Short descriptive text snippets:
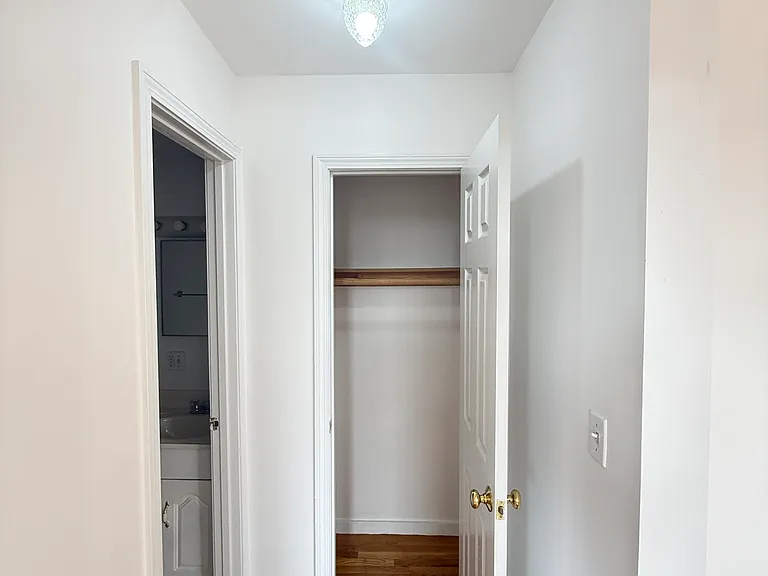 40 Symphony Rd #4 — Photo 15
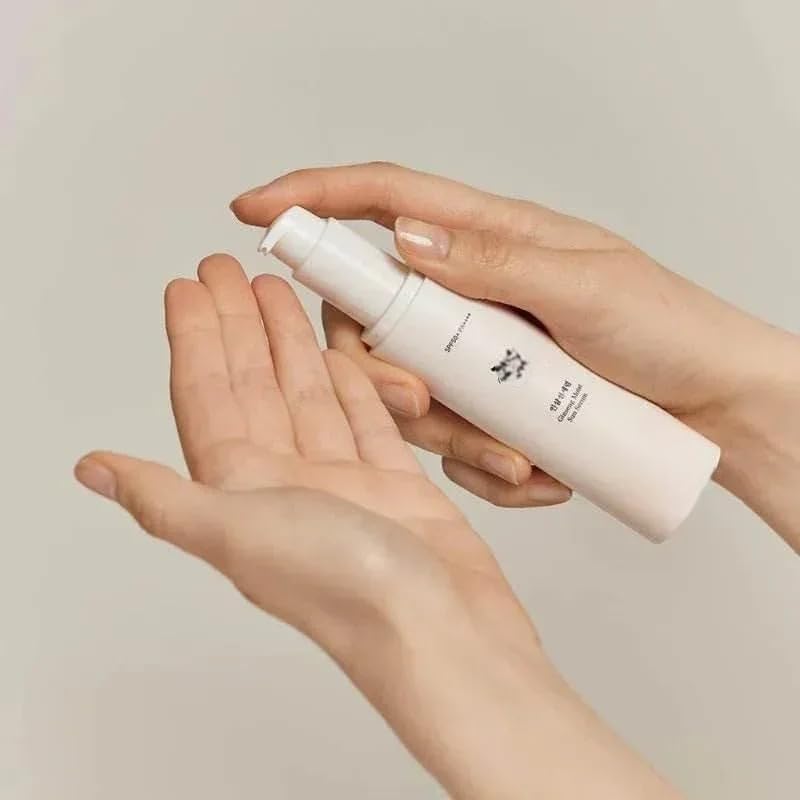 Image of Ginseng Moist Sun Serum SPF 50+ PA++++ (50ml) | Lightweight Sunscreen with Anti-wrinkle, Brghtening & UV Protection, Non-Sticky, Low Irritation for All Skin Type (Style-11)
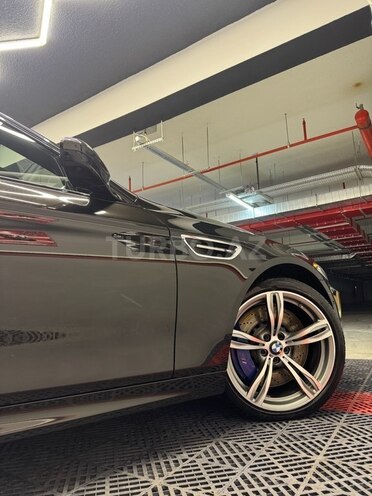 BMW M5 2012, 70,000 km - 4.4 l - Bakı
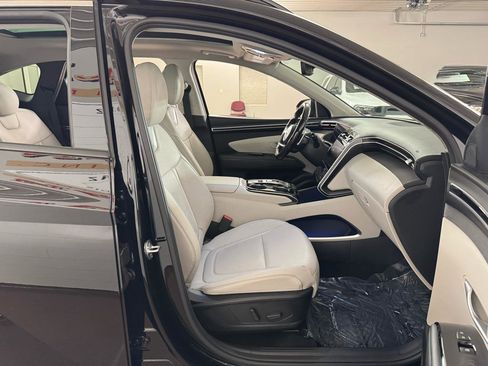 Used 2023 Hyundai Tucson Limited image 41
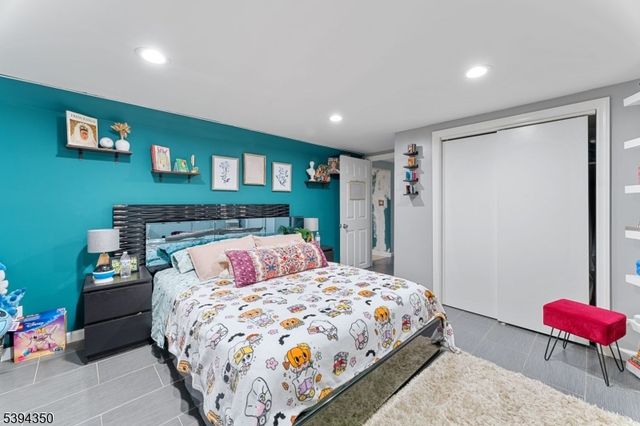 111 E 10Th St, Linden City, NJ 07036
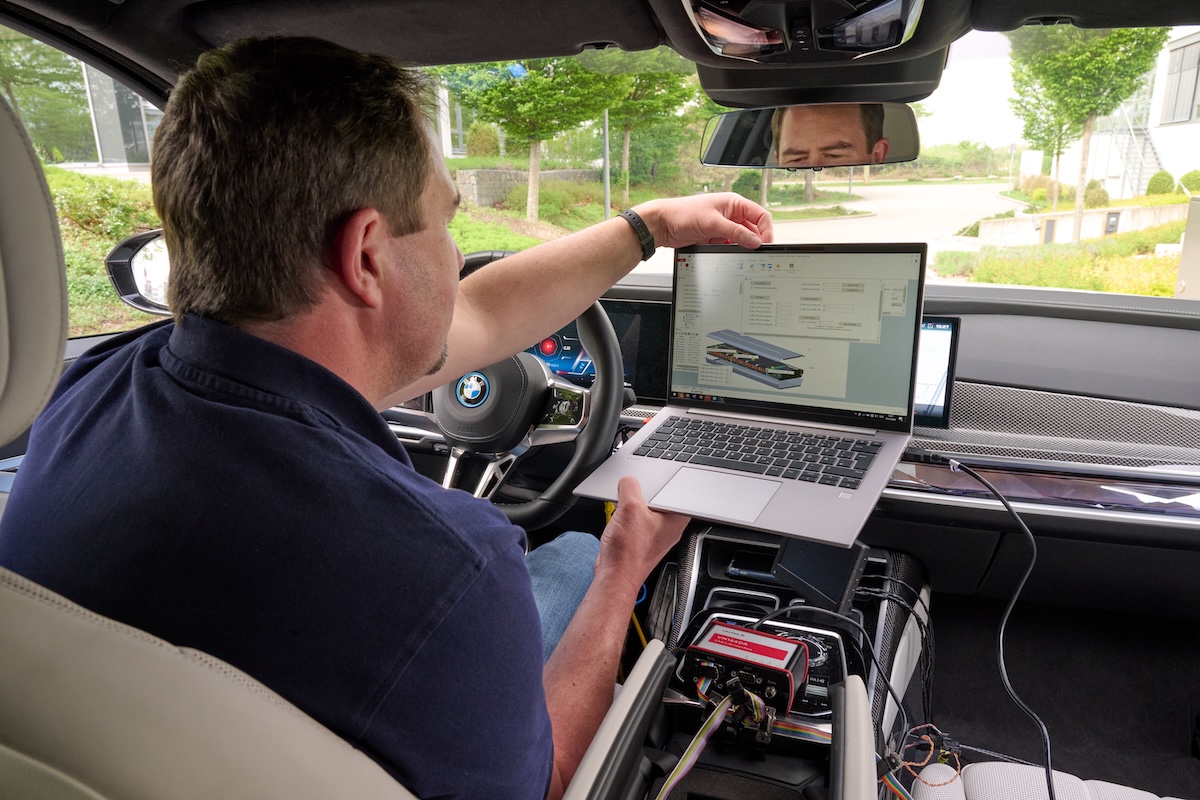 BMW porta su strada le batterie ASSB con la i7 elettrica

Exercise goal> Find the line with "Image of Ginseng". Return it and each line after it through the end of the data, exactly, without pictures.

Task output>
 Image of Ginseng Moist Sun Serum SPF 50+ PA++++ (50ml) | Lightweight Sunscreen with Anti-wrinkle, Brghtening & UV Protection, Non-Sticky, Low Irritation for All Skin Type (Style-11)
 BMW M5 2012, 70,000 km - 4.4 l - Bakı
 Used 2023 Hyundai Tucson Limited image 41
 111 E 10Th St, Linden City, NJ 07036
 BMW porta su strada le batterie ASSB con la i7 elettrica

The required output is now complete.